◆ Supplied information:
# # # #

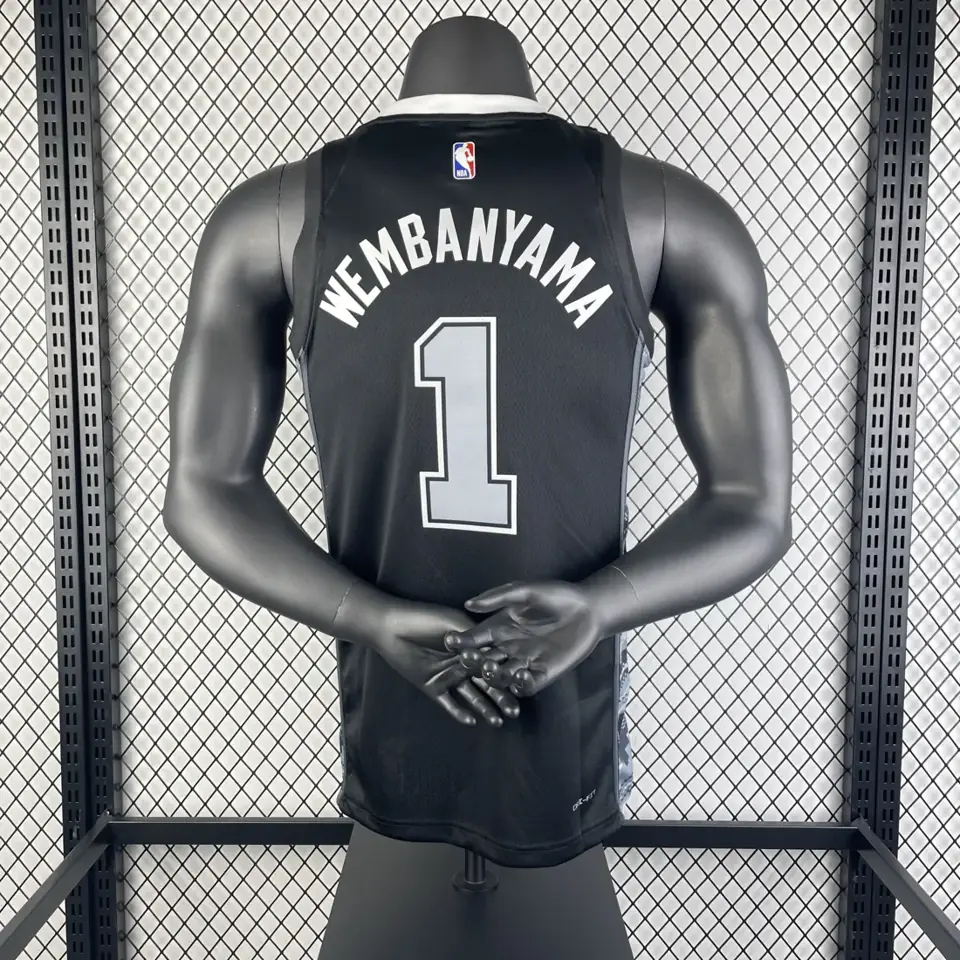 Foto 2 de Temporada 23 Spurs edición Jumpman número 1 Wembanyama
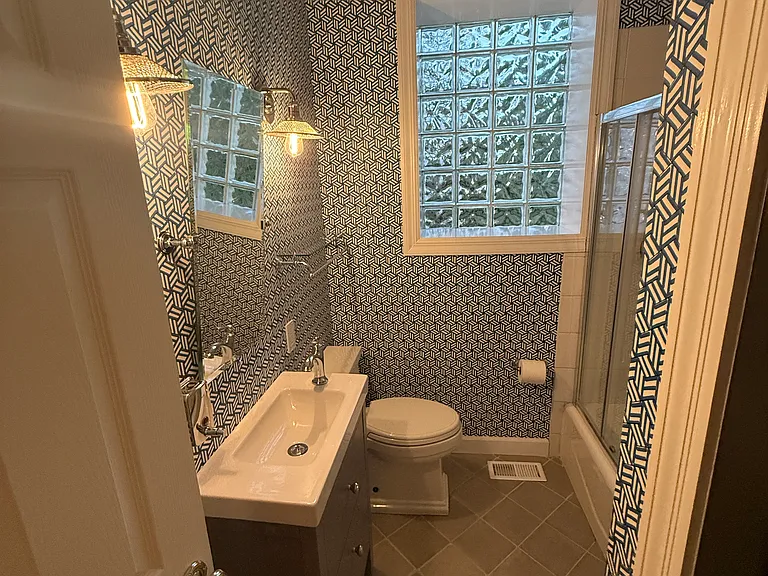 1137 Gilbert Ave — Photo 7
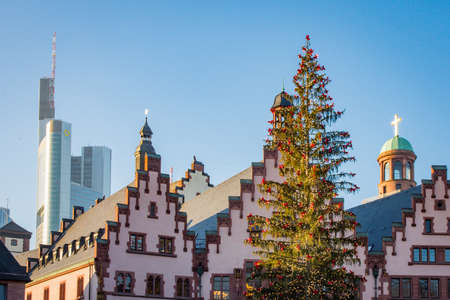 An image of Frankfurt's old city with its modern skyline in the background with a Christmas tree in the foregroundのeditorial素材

# # # #

◆ Task description: Output verbatim the lines beginning at the line with "1137 Gilbert Ave — Photo 7" and ending at the last line of the material above, inclusive. Do not carry over any pictures.

◆ Exercise output:
 1137 Gilbert Ave — Photo 7
 An image of Frankfurt's old city with its modern skyline in the background with a Christmas tree in the foregroundのeditorial素材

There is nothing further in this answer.